Students everywhere are facing the same challenge. After all, studying in a university is more intense, and it requires building new skills that we usually don’t learn in high school. Fortunately, it’s never too late to learn.
Study Skill #1: Master the art of note-taking
It happens to everyone. We think we’ll remember something. It’s too important to forget. But we get inundated with so much other stuff – cat videos on YouTube, a silly fight in the family etc. Even if you take notes, it doesn’t mean you are doing it effectively. It’s important to get familiar with note-taking strategies, and finding the one that best fits you.
Some of these include: paying attention to boldface words and headings, reworking main ideas into concepts that are easily understood, being attentive to captions, using different modes of note-taking, including highlighters, sticky notes, index cards, graphs, charts, and diagrams and making sure the notes taken answer/reference the objectives and questions that accompany each lesson.
Study Skill #2: Use Mind Maps
A mind map is a kind of framework. It is a way of helping you to organize, visualize and summarize. Its purpose is to give you a better way to store information on one page. Many topics can be studied and revised easier and more meaningfully by making a mind map.

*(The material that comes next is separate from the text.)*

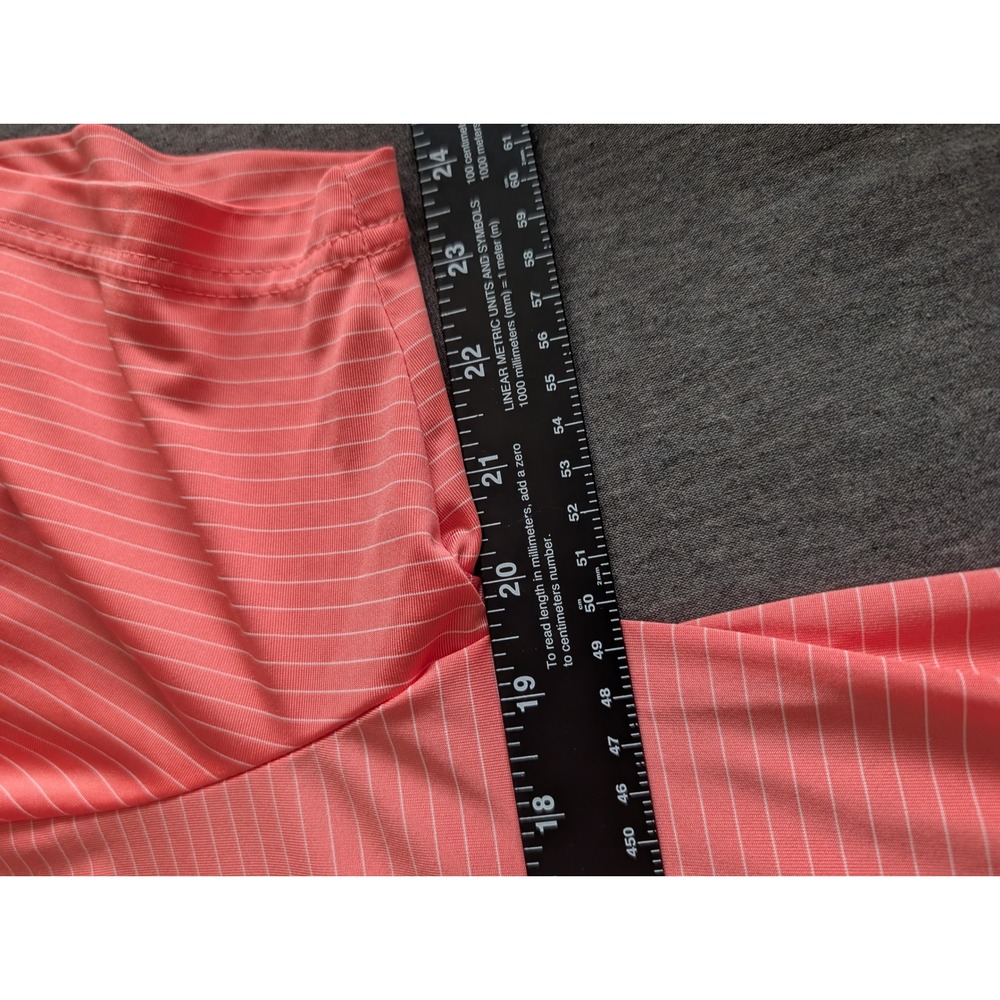 Jack Nicklaus Mens Golf Polo Shirt Medium Coral Pink Striped Golden Bear Logo - Picture 4 of 7
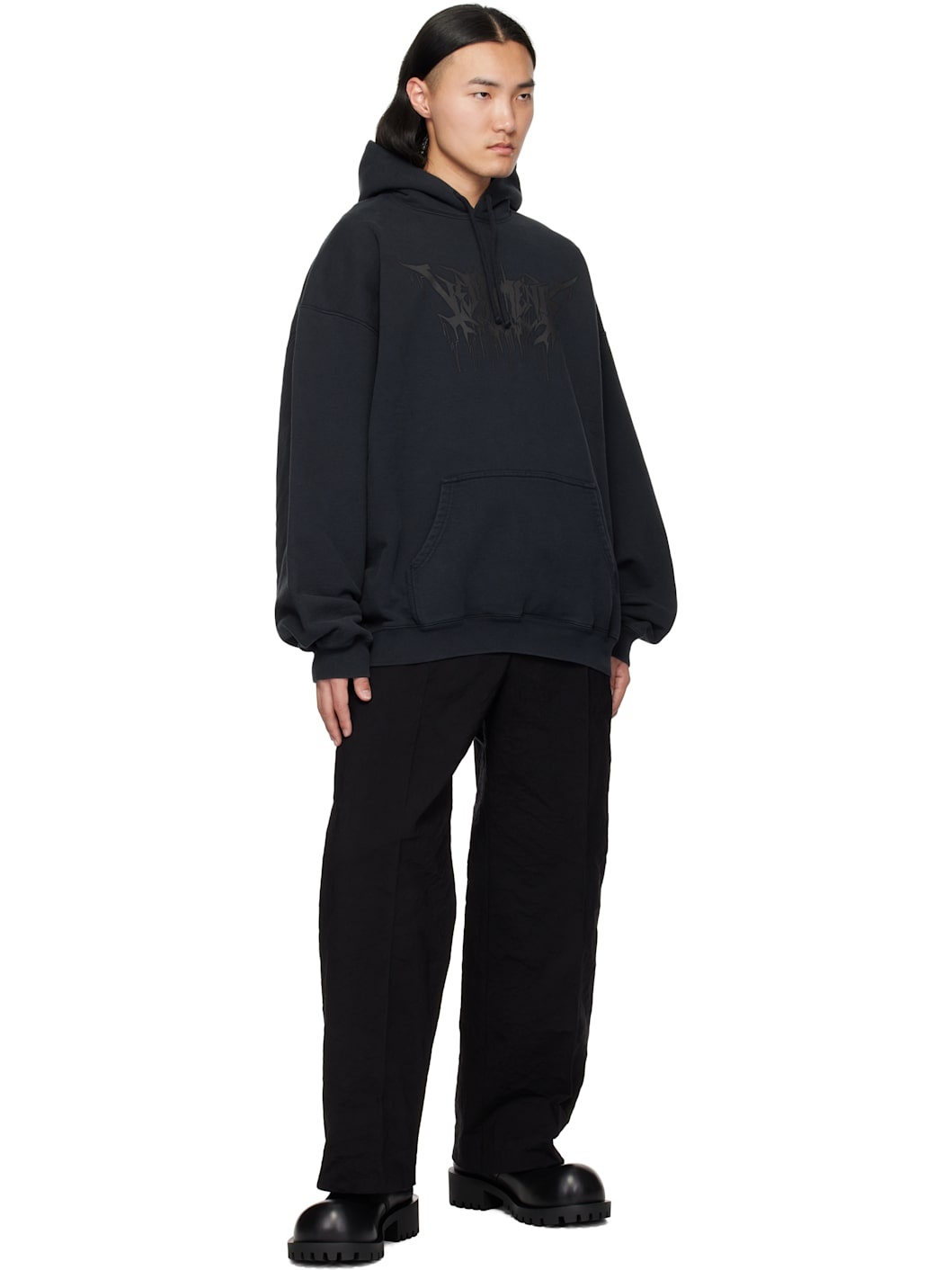 Black Metalized Wrinkled Tailored Trousers - 4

Many people find that visual elements help them retain information better in their studies, if you’re one of them, we recommend using mind maps. Mind maps can be made by hand or by using a special program on the computer and are used to: take notes in class, find main ideas, revise for the exam, and brainstorm ideas.

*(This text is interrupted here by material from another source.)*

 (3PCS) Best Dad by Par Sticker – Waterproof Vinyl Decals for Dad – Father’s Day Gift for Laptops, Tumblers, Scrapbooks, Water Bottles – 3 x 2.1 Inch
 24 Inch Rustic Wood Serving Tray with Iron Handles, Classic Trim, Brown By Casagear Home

Study Skill #3: Read to Yourself Out Loud
Some people memorize best through sound. If you identify yourself as one of them, try reading your course materials to yourself out loud. You can read to yourself out loud at home, and you can also record yourself. Then, take the recording and listen to it in the car or the train. Sometimes you need to hear things more than once, to fully remember or understand them.
Study Skill #4: Teach Others
A great way to get a deep understanding of new material is by teaching it to others.
If you have a friend you can study with, perhaps even someone who’s having challenges with the material, you can offer them to study together. When you teach others, you get a chance to better understand the materials yourself. You need to answer questions that make you go deeper, figuring out problems you didn’t even realize the material presented.
Study Skill #5: Improve Your Time Management Skills
Many students feel like time is managing them. They’re torn between attending classes, going to work, getting stuck in traffic, taking care of family members, running errands, and finding time to eat and sleep. It gets overwhelming, and it’s easy to get to a breaking point. That, in turn, can make you even less productive and successful in the university. Good time management is planning ahead—weeks, months and terms.
Organize your study as effectively as possible. Planning ahead saves time, worry and energy. The next step is prioritizing your tasks – decide which tasks are most important and should be completed first. Other tips for time management are to not put off small task, dividing complex tasks into small tasks, and fixing up your work environment to make it clean and less destructive.
Find the Study Techniques that Work for You
There are many study techniques and skills that you can adopt. Start with picking a few you think will work best for you. Try them for a month and see how they work for you. If you don’t feel an improvement you can always try something different later. Keep experimenting until you find what brings you the best results.